VINCENT SAHANI AS TRUSTEES OF

THE FAITH HOMES OF KENYA…….......………..……………..PLAINTIFFS

VERSUS

DUNSON KARU………………………………………….1STDEFENDANT

SIKO WORME DAWA……………………………………2ND DEFENDANT

PATRICK MUTEMBEI……………………………………3RD DEFENDANT

COUNCILLOR GM WANJOHI………..…………………..4TH DEFENDANT

CITY COUNCIL OF NAIROBI………....…………………..5TH DEFENDANT

JAMES WANYOIKE MBUGUA………..………………….6TH DEFENDANT

IBRAHIM SOLOMON NDICHU……..……………………7TH DEFENDANT

SAMUEL MBUTHIA………………….……………………8TH DEFENDANT

RULING

The application before the Court for determination is a Notice of Motion by the Plaintiffs dated 6th September 2011. The application is brought under the provisions of Order 40 Rules 1,2, and 3 of the Civil Procedure Rules and sections 1A, 1B, 3A and 100 of the Civil Procedure Act. The Plaintiffs are seeking a substantive order from this Court that pending the hearing and determination of the suit herein, the Defendants jointly and severally be strictly enjoined and restrained whether by themselves or by their servants, agents or otherwise howsoever, from trespassing, alienating, constructing or continuing with the construction of any structures and/or in any way whatsoever interfering with the Plaintiffs quiet possession over all that piece of land known as Land Reference, Number 209/14527 situated in the City of Nairobi (hereinafter referred to as the suit property).

The grounds for the application are that the Plaintiffs are the registered owners and in possession of the suit property as trustees of the Faith Homes of Kenya, and that 1st, 2nd and 3rd Defendants, at the instigation of and/or with the encouragement of the 4th Defendant, entered upon the said land and commenced construction thereon. Further, that the Defendants have therefore not only committed acts of trespass, but have also violated the Plaintiffs’ constitutionally enshrined and guaranteed right under Article 40(1) of the Constitution to acquire and hold property.

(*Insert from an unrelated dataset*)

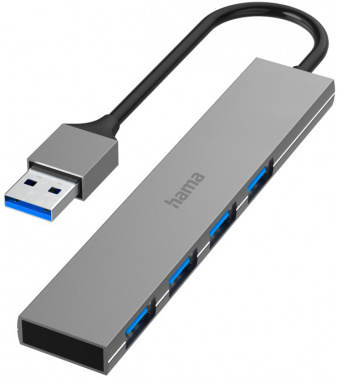 Разветвитель USB 3.0 Hama H-200114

The Plaintiffs also claim that the 1st, 2nd and 3rd Defendants have not sought nor obtained an Environmental Impact Assessment Licence as required under part VI of the Environmental Management and Co-ordination Act, 1999; have not applied for or obtained permission to carry out the said developments on the said land as required by section 30 and 31 of the Physical Planning Act; nor have they applied for a change of user of the said land to permit the construction of blocks of flats and/or petrol stations as the allowed use of the suit property is for educational purposes.

The detailed facts giving rise to the application are detailed out in the supporting affidavit sworn on 6th September 2011 by Dilipkumar Jadhav one of the Trustees of the Faith Homes of Kenya.  Attached to the said affidavit as evidence is a copy of a certificate of title with respect to the suit property issued to the Trustees of the Faith Homes of Kenya under the Registration of Titles Act on 19th July 2002, and registered on 22nd August 2002. Also annexed is a letter of allotment with respect to the suit property issued by the Commissioner of Lands to the said trustees dated 14th July 1999.

The 2nd, 3rd, 4th, 5th and 6th Defendants opposed the application. The 2nd Defendant in his replying affidavit sworn on 22nd September 2011 stated that he was approached in February 2011 by two gentlemen, namely Mr. John Karugu Remor and Mr. Josphat Machira Kinyua, to purchase their pieces of land within an area known as Kiamaiko/Huruma Fire Victims Phase II. Further, that the said gentlemen presented him with allotment letters dated 22/8/2007 showing that they were the lawful allottees of plot numbers C. 24 and  C.25 respectively within the said Kiamaiko/Huruma Fire Victims Phase II, and he purchased the said plots for valuable consideration.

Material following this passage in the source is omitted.